I'm Full of Soup said...

Wisonsin held a special election for a single Supreme Court position? Didn't your state just have a primary a few weeks ago? Why didn't they combine the elections?

MadisonMan said...

Why didn't they combine the elections?

There was also a Constitutional Amendment question and County Board/Judge positions. Why they didn't do it with the Primary? I guess we just looove to vote here!

Original Mike said...

I guess we just looove to vote here!

It is kind of fun. Though it was much more fun with the mechanical voting machines with the little levers for each candidate and the big lever for the Wizard of Oz curtain.

Ann Althouse said...

It's ridiculous how often they expect us to go to the polls. It ends up giving excessive weight to the over-eager political types.

I'm Full of Soup said...

Yeah Ann- you know I am opposed to voters being able to vote a "straight party" ticket with one pull of the voting lever.

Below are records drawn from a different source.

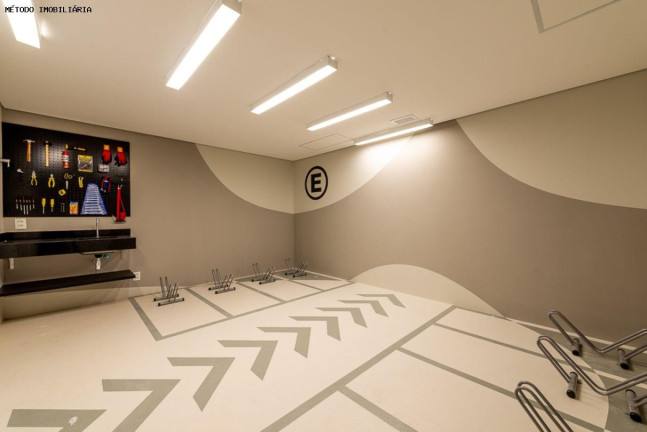Imagem Apartamento com 2 Quartos à Venda, 68 m² em Ipiranga - São Paulo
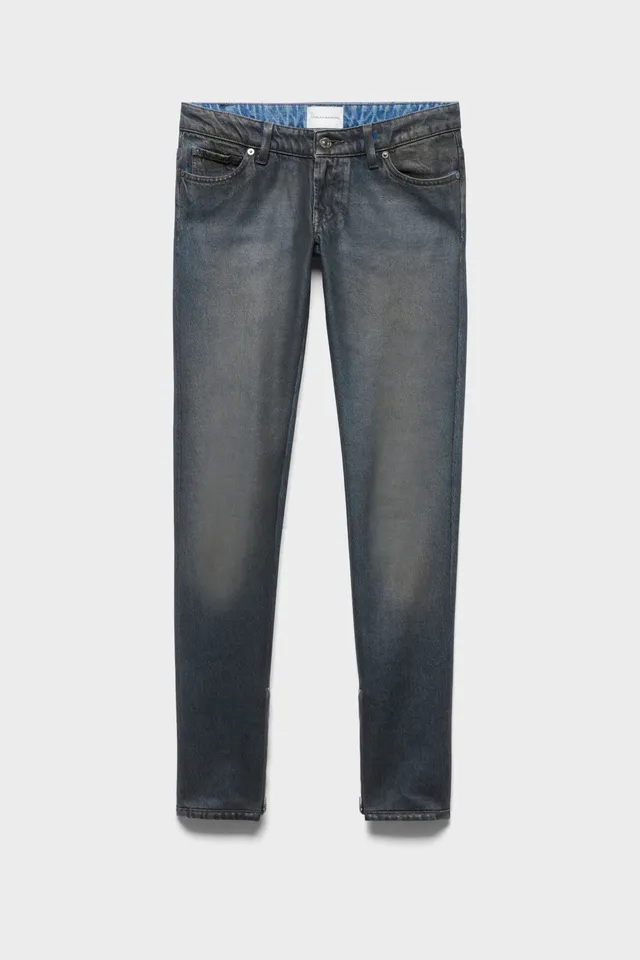 7-for-all-mankind-y2k-skinny-jeans-damen-denim-nolita image 1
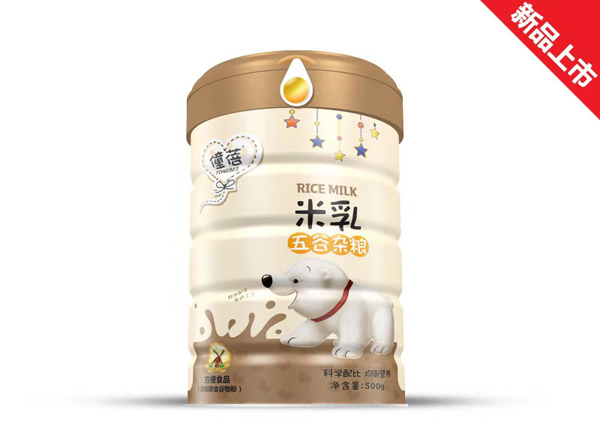 僮蓓米乳-五谷雜糧.jpg 僮蓓米乳-五谷雜糧.jpg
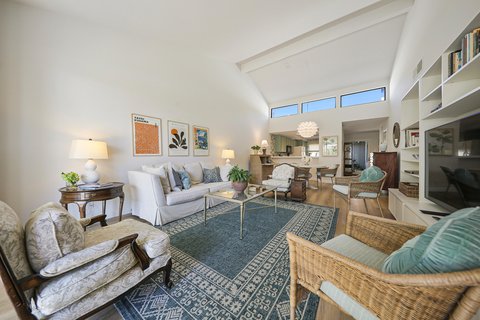 345 Bouquet Canyon Drive, Palm Desert, CA 92211 photo 2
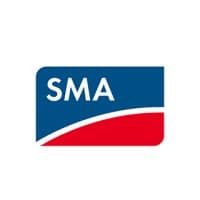 SMA Solar India
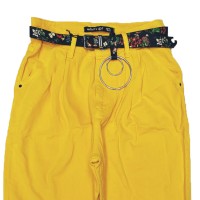 Джинси жіночі WHAT'S UP JEANS 409 Slouchy Туреччина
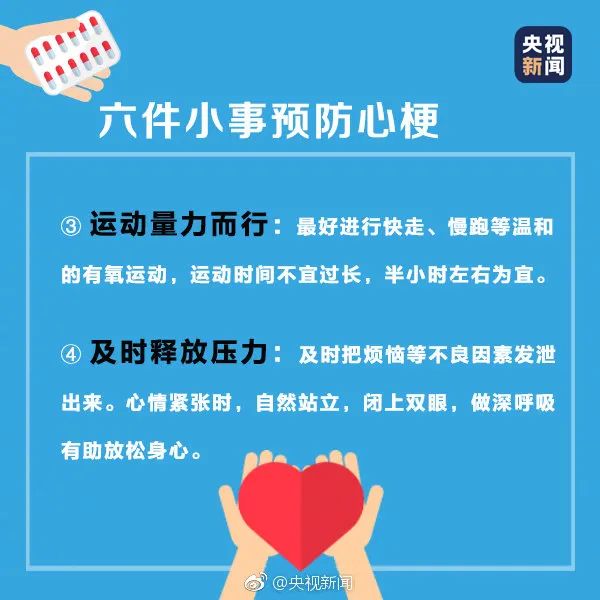 600x600_71cfe3cca684ecee.jpg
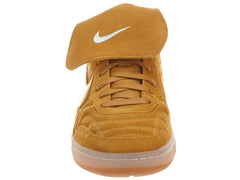 Nike Nsw Tiempo '94 Mens Style : 631689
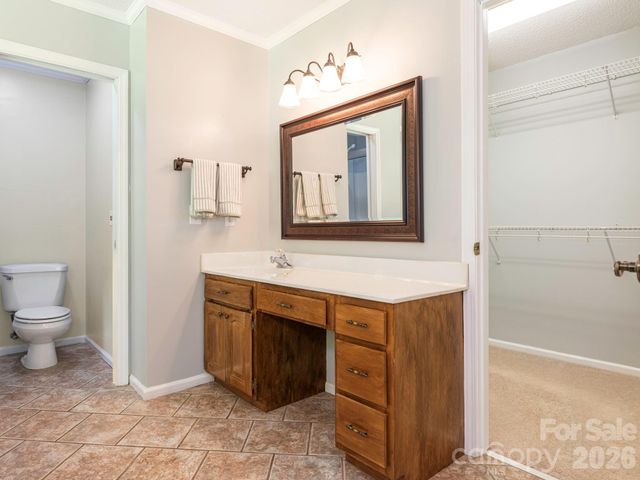 2434 Plantation Road NW, Concord, NC 28027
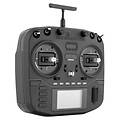 Radiomaster Boxer Radio Controller RC Télécommande 4 en 1 multi-protocole - Thumbnail 1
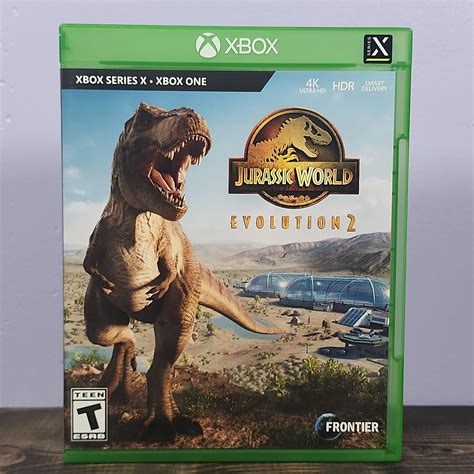 evolution gaming and collectibles reviews|Evolution Gaming & Collectibles .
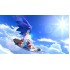 משחק Mario and Sonic at The Olympic Games Tokyo 2020 (NS)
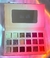 Paleta de Sombras 18 Cores New Nude - comprar online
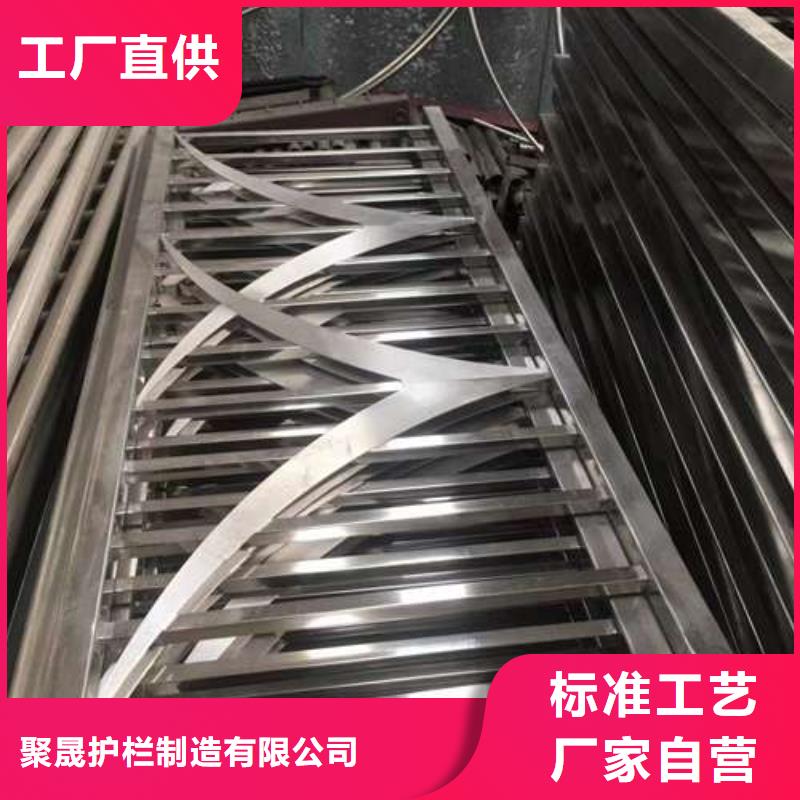 喷塑立柱厂家-值得信赖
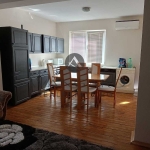 Къща в с. Брестовица, Област Пловдив - 200 кв.м за 689 €/кв.м - Снимка #1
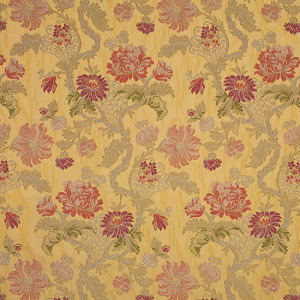 Fabric FA02176 - ILLYRIAN Series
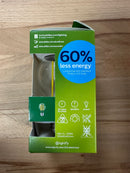 Philips LED Filament GLS 4W E27 Warm White - 9290030667A - LED Spares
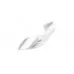 UHF RFID Tag - Adhesive (Set of 5)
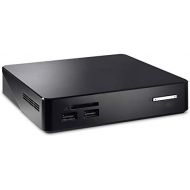 ViewSonic NMP520-W Digital Signage Network Media Player for 4K Ultra HD Commercial Displays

It gives an unfair advantage to the two dominant parties.

Ann Althouse said...

And, Barry, I did consider writing about the election many times, but I chose not to.

Tony said...

I can understand not writing about the election, but not VOTING in it? That is intriguing. Do tell, why not?

Ann Althouse said...

Tony, I'm in New York.

Tony said...

Althouse: yes, yes, I know, but there are absentee ballots, no? okay, okay, perhaps you are registered in (and voting in) New York for now? I assumed otherwise and thought something more titillating was at work.

Ann Althouse said...

I could have arranged for an absentee ballot, and I am not voting in NY. I voted in the WI primary (when I happened to be in town). I chose not to go through the absentee ballot process. I would have voted if I had been in town though.